Think about the authority you might need later

Michael Kemp, The Daily Record Newswire

I was out with a friend for Memorial Day, and we sat out on a restaurant’s patio. It was late, but it was a nice night, and we didn’t really notice that everyone had gone home. Everyone but us. Last call came and we ordered our last drinks and sat out for a while until around midnight, when he decided to head home. We grabbed our empty glasses and headed back inside, only to find the staff in civilian clothes and the bar empty. They’d been shut down for at least 45 minutes, but had stayed open so we could finish our drinks.
Afterwards, I went across the street to another restaurant to say hi a friend who was finishing up her evening there. The bartender looked up as soon as I walked in. “We’re closing.”

I informed him that I was just walking through to say hi to a friend out on the patio. He told me he would have to ask a manager if that was all right. Then he came back and took me out to the patio where he told my friend it was time to leave. I walked home shaking my head.

Now let me start here: There is no reason on Earth either place had any obligation to stay open longer than they wanted to, especially when, in both cases, I was the last person there. There’s nothing wrong with having a closing time and sticking to it. As consumers, we expect that people will go a little out of their way to make our customer service experience better — even when, as in this case, we really have no right to expect it. But the experience did make me think about some of the concessions we make as solo practitioners to our clients, and whether they make sense.
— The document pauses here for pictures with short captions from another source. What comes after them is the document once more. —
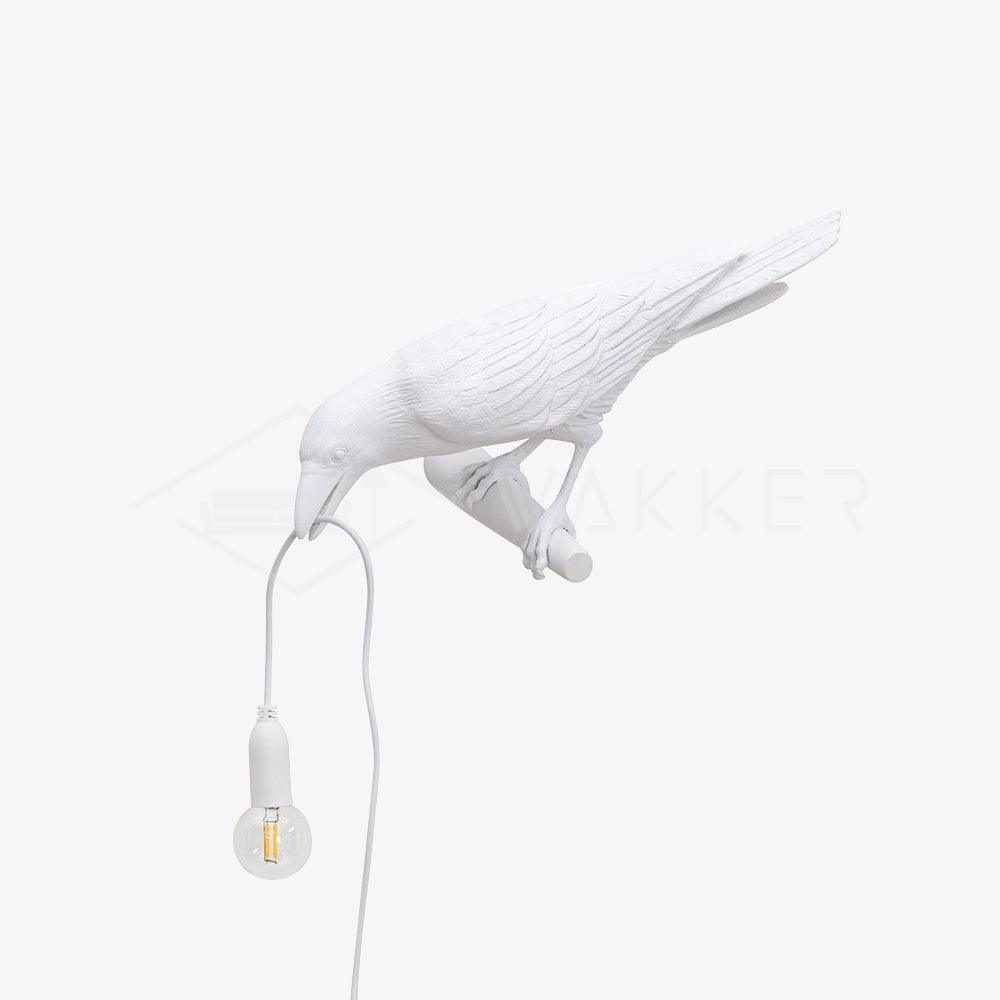 White bird with exposed hanging bulb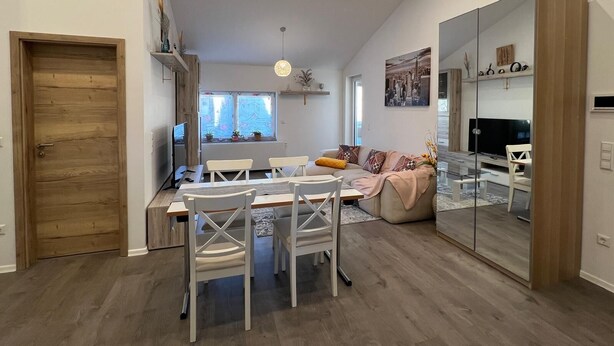 A modern living room with a dining area, a large mirror, and a cityscape painting. - ❤ VipStay the stylish 53m² suite with kitchen, balcony, parking, WiFi, SmartTV ❤ (Wiesloch)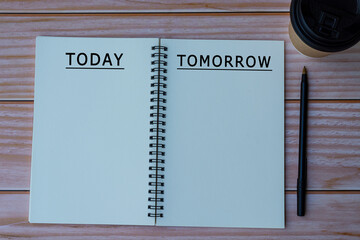 Today tomorrow text written on notepad with pen and cup of disposable coffee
Specifically, I’m talking about making concessions about when and where you will meet clients, and why that means more than you would think.

Most people work 9 to 5 jobs. That means a lot of your clients will have to make a choice between taking time off of work, or coming to meet you at seven in the evening or over the weekend. You may well be in your office late at night or over the weekend, but if you’re like me, you prefer to use that time for blocks of things you would rather do without interruption.

When you have a client who can’t come to the office during business hours, something is going to have to be sacrificed. Meeting with someone by telephone on their lunch hour sometimes works, but it isn’t effective if you need to look over a document together. Meeting someone at 7 at night is workable sometimes, but not when you need three hours for trial preparation. When you meet someone on the weekend for their convenience — or even necessity — you’re sacrificing your free time, but that’s not even the interesting part. More on that in a minute.

The issue isn’t limited to clients who don’t have time to meet during normal business hours. Added to that are the clients who don’t have any means of transportation. The classic example is this case is the client whose license has been revoked for a DUI. Sure, of course they have some means of transportation; they could always take a two hour bus ride to come meet you (also not a great idea when they have to come after work). In that circumstance, do you drive out to meet them at their home or a coffee shop somewhere?

In some ways, it seems like an easy answer. Sure, you’re giving up your time for your clients, but every time you go into work you’re giving up your time for your clients (whenever that is). This isn’t a column about work/life balance; I’ve said I wouldn’t write one of those, and so far, I haven’t. No, this is a column about the importance of maintaining a position of authority. Every time you tell your client that you will go out of your way to make things easier for them, you improve the “customer service” part of the experience, but you are sacrificing some authority. That’s important, because the dark side of the “customer service” part of legal representation is remembering that our representation is not intended to make things easier on our clients.

The Army, and the infantry especially, has a strict (in theory) non-fraternization policy. Enlisted soldiers are not supposed to hang out with non-commissioned officers, who are not supposed to hang out with commissioned officers. The reasoning behind it is fairly obvious. Many corporations have a more lenient and more familiar non-fraternization policy. Now lawyers don’t usually have to have the same command authority with our clients as the infantry officers or even employee supervisors, but we still have to push our clients to make hard choices and come down on them when they fail to follow through on their obligations (to us or to the court).

Importantly, that command authority for small firm or solo attorneys is never going to come from the institutional structure inherent to a large law firm. When (most) clients walk into a large firm, they will feel the disparity of power between themselves and the 200-person firm that occupies six floors of a downtown skyscraper. They solo attorney who drives out to meet them on a Sunday morning at Caribou will never have that kind of inherent authority.

But we still have to push them to do things they don’t want to. It can be as simple as making them spend hours, days, or weeks complying with a large and burdensome but legitimate discovery request. It can be as monumental as forcing them to take a hard look at the serious criminal charges against them and making a decision that will change the rest of their lives. When we have to do that, it helps to have authority behind your position, and every time you twist your schedule around to make their lives easier, you give up a little of the ability to make them do something that will make their lives harder.

I’m not advocating a hard closing time. Certainly there are good times to make concessions to our clients or potential clients. And customer service still is an important part of legal representation. But remember that whenever you make those concessions, you are giving up more than just your time. You are giving up a little bit of the authority you might need later.